#### Exercise
Copy exactly the stretch of data below from the line with "dhb861832993-star/dsh-knowledge Screenshot preview" through the line with "Papermoon blouse", including both of those lines.

#### Data for analysis
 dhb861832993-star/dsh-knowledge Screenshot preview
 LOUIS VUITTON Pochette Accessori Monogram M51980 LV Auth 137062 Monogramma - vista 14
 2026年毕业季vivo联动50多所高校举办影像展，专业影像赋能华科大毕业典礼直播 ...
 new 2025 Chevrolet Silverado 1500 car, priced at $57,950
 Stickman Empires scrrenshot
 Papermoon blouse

==

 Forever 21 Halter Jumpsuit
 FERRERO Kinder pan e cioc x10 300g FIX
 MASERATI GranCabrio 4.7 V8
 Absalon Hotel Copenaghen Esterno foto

--

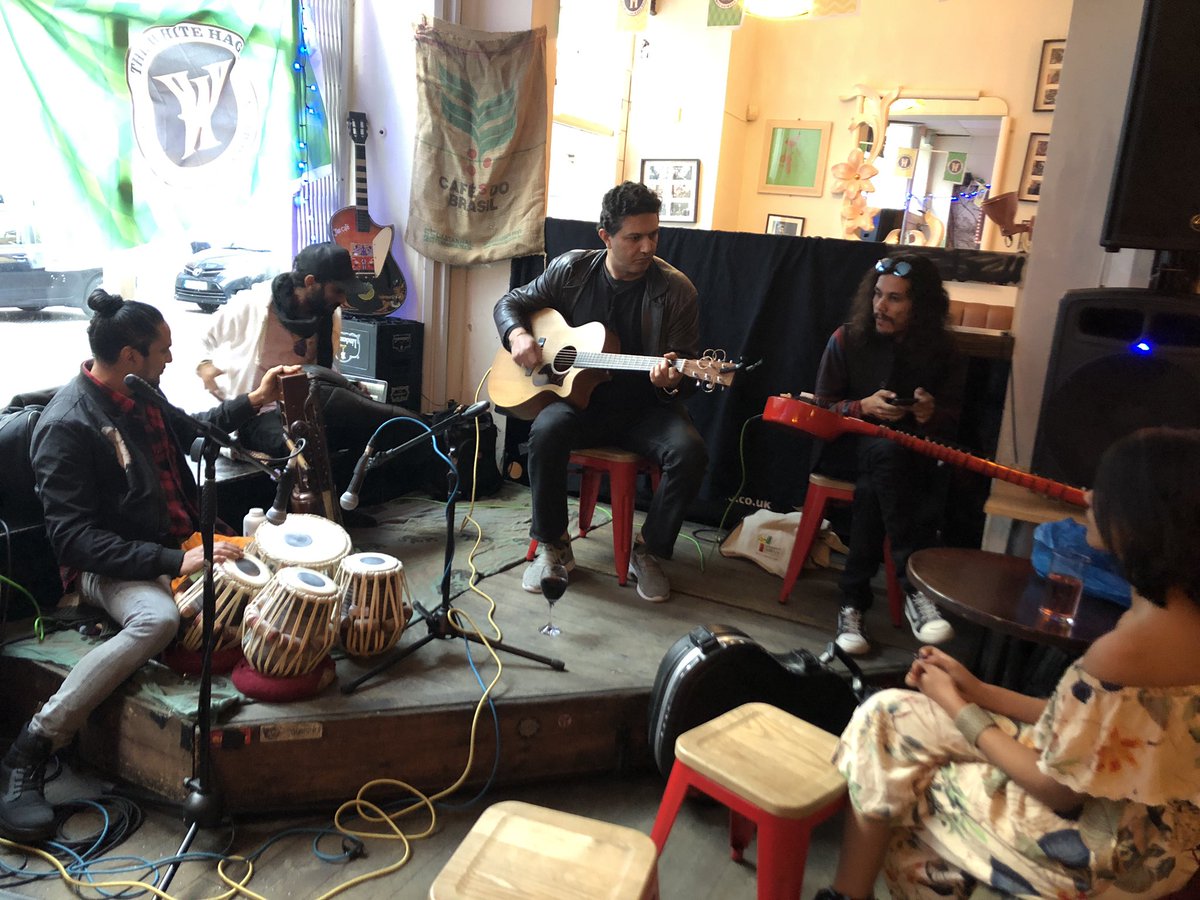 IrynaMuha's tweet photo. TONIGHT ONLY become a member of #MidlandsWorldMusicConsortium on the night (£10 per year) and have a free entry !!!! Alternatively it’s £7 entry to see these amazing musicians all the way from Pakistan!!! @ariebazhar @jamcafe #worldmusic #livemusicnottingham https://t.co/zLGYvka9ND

#### Output for this task
 dhb861832993-star/dsh-knowledge Screenshot preview
 LOUIS VUITTON Pochette Accessori Monogram M51980 LV Auth 137062 Monogramma - vista 14
 2026年毕业季vivo联动50多所高校举办影像展，专业影像赋能华科大毕业典礼直播 ...
 new 2025 Chevrolet Silverado 1500 car, priced at $57,950
 Stickman Empires scrrenshot
 Papermoon blouse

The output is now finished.